Shewanella putrefaciens is a facultative anaerobic Gram-negative psychrophile with relevance to fish spoilage, oil pipeline corrosion, and human infections (4). The type strain of S. putrefaciens, ATCC 8071, was isolated from butter in England during the 1930s. Other strains, W3-18-1, 200, and CN-32, were isolated from marine sediment, a Canadian oil pipeline, and anaerobic shale sandstone, respectively (4). S. putrefaciens strains originally composed a highly heterogeneous phylogenetic group and have been subjected to frequent reclassification (1, 5, 6). A number of novel species, including S. algae, S. baltica, S. frigidimarina, S. pealeana, and S. oneidensis (ATCC 700550T [MR-1]), were initially classified as S. putrefaciens but renamed later. S. putrefaciens and S. algae are also human pathogens associated with septicemia, cellulitis, ear infection, cerebellar abscesses, leg ulcers, osteomyelitis, and arthritis (7).

To date, many Shewanella species have been sequenced, providing a unique opportunity for exploring bacterial genome evolution and adaptation to their specific habitats (4). S. putrefaciens W3-18-1 is particularly interesting because it achieves high current production in microbial fuel cells (8) and reduces metals and forms magnetite at 0°C (9, 10). Here we report an integrated genetics and physiological analysis of the respiration of W3-18-1 in order to provide insights into the underlying mechanisms. Our results indicate that the respiratory flexibility of S. putrefaciens W3-18-1 is lower than that of S. oneidensis MR-1 and that the strain is well adapted to its habitats with higher oxygen levels.

MATERIALS AND METHODS

Bacterial strains and culture conditions.

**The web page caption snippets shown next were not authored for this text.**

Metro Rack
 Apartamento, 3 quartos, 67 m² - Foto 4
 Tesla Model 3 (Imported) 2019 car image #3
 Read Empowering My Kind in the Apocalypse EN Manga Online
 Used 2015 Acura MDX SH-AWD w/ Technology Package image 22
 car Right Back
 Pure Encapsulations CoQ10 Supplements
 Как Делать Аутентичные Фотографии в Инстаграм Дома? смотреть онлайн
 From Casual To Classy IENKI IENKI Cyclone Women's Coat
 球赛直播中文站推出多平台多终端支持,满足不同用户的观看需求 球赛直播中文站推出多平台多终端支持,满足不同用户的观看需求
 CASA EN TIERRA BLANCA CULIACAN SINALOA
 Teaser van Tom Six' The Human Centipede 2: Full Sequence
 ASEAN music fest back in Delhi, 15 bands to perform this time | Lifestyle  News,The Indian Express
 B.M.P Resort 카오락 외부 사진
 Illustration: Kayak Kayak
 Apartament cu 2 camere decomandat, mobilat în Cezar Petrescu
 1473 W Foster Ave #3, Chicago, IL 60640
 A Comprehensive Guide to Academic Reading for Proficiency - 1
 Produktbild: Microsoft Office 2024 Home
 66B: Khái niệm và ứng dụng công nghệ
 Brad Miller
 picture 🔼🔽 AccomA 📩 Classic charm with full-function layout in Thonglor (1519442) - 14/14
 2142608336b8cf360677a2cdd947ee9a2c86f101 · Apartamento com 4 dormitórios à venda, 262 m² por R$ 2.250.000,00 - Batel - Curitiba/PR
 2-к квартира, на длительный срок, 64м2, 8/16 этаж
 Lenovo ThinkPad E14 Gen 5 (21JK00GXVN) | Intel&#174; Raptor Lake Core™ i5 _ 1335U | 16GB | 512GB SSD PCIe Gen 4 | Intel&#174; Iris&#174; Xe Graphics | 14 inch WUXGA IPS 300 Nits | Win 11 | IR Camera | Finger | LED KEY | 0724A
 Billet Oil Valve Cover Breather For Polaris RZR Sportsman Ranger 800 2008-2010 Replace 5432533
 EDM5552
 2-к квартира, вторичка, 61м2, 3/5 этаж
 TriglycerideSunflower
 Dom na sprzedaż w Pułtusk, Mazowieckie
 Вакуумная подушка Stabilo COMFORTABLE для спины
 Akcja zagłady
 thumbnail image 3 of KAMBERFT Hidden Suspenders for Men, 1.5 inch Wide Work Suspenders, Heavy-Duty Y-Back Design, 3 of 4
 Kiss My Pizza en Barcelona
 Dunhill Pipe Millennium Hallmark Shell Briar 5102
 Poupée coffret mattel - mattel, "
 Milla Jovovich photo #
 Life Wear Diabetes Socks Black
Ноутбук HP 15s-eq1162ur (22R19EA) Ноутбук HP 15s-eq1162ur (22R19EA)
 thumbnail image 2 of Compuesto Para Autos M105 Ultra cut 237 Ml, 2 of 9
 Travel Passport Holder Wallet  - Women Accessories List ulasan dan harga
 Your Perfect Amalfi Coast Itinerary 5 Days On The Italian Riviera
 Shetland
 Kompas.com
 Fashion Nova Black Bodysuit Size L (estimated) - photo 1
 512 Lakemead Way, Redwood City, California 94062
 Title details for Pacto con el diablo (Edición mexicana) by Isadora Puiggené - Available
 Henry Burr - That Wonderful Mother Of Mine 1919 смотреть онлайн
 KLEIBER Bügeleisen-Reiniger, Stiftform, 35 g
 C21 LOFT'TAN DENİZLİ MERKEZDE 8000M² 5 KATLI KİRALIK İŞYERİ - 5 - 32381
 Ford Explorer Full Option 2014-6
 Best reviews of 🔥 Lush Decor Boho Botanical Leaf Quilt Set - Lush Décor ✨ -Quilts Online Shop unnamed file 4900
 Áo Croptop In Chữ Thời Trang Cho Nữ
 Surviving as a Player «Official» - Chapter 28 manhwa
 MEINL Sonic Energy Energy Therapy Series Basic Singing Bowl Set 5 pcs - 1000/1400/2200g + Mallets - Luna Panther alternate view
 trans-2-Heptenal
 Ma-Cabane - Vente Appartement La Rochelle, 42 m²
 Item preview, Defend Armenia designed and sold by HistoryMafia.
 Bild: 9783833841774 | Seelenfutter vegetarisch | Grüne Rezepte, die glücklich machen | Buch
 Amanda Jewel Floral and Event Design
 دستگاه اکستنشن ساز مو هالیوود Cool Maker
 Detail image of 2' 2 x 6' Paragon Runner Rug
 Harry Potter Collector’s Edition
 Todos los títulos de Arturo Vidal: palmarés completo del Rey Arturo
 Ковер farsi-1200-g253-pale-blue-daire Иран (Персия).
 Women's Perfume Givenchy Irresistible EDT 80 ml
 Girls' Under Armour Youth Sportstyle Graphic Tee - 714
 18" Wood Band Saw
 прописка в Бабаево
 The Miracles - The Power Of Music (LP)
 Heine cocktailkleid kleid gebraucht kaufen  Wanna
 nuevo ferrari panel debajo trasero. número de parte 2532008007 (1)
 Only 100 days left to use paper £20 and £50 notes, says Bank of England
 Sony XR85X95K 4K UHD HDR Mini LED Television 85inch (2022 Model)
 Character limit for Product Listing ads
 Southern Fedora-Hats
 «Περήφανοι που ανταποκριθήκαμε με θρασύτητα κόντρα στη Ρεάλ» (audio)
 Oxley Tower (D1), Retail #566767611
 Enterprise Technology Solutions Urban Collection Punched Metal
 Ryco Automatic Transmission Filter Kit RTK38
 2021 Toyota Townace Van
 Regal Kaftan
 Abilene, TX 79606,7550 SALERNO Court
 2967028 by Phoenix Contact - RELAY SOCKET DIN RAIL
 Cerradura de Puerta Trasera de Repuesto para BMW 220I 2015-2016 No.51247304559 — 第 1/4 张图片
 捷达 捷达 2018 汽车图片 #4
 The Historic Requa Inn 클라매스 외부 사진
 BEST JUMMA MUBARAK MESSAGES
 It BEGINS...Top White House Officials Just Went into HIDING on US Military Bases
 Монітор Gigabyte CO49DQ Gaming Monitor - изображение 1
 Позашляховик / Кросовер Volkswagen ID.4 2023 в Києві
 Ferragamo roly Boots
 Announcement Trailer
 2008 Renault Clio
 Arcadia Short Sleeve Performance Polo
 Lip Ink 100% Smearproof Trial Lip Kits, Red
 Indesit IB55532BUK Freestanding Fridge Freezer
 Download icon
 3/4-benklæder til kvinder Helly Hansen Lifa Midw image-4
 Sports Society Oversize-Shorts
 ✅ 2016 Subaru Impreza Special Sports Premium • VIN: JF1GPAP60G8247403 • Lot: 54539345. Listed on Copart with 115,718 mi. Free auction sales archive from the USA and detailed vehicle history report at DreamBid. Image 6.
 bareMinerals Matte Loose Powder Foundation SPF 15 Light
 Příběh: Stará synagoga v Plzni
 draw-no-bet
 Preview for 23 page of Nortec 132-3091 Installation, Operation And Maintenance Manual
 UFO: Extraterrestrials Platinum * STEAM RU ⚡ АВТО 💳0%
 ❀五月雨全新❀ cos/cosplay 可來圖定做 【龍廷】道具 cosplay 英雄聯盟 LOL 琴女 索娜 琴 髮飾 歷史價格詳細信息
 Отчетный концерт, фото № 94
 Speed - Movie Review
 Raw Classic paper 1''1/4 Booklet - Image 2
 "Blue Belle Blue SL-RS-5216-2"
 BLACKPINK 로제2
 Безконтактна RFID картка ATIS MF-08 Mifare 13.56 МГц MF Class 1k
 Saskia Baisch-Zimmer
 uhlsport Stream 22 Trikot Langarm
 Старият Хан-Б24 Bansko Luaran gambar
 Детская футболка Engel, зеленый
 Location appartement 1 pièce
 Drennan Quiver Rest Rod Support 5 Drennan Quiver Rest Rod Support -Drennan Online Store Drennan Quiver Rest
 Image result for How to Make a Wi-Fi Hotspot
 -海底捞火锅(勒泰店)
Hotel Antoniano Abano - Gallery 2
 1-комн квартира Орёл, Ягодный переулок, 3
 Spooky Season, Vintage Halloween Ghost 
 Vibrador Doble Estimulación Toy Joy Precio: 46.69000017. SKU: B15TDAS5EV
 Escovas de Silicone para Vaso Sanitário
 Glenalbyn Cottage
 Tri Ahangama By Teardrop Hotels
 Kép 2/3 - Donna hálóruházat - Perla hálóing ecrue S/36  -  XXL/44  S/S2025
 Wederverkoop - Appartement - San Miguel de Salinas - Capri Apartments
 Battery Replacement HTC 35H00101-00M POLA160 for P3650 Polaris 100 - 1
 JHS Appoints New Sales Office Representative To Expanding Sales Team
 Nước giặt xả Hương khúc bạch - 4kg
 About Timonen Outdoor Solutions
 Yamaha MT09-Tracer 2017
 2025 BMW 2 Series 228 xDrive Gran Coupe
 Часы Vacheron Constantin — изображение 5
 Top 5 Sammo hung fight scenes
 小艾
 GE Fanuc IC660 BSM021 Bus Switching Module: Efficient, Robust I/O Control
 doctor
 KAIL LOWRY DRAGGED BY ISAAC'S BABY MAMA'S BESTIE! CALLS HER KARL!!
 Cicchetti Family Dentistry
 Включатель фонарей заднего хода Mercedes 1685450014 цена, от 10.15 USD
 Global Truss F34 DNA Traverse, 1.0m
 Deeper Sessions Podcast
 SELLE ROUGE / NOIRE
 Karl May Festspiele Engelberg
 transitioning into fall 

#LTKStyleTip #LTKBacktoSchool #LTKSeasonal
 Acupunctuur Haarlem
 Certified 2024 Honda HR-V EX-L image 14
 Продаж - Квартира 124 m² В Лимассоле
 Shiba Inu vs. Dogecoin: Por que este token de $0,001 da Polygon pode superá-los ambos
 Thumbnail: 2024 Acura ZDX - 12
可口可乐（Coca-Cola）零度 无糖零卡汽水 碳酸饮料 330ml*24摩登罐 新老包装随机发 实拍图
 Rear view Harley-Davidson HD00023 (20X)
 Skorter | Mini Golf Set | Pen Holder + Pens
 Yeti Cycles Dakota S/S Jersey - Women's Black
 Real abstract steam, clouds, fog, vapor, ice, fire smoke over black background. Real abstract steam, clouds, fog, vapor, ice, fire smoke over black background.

Shewanella putrefaciens W3-18-1 and S. putrefaciens CN-32 were previously isolated from the deep marine sediments underlying the depth of 670 m below the sea level off the Washington state coast (9, 10) and from anaerobic shale sandstone at the depth of 250 m in the Morrison formation of Cerro Negro, New Mexico (4), respectively. Bacterial strains were usually cultured in Luria-Bertani broth (or plates) (supplemented with 15 and 50 μg/ml of gentamicin [Gm] and kanamycin when necessary) and modified M1 minimal medium (1, 11).

Genome sequencing, annotation, and bioinformatics analysis.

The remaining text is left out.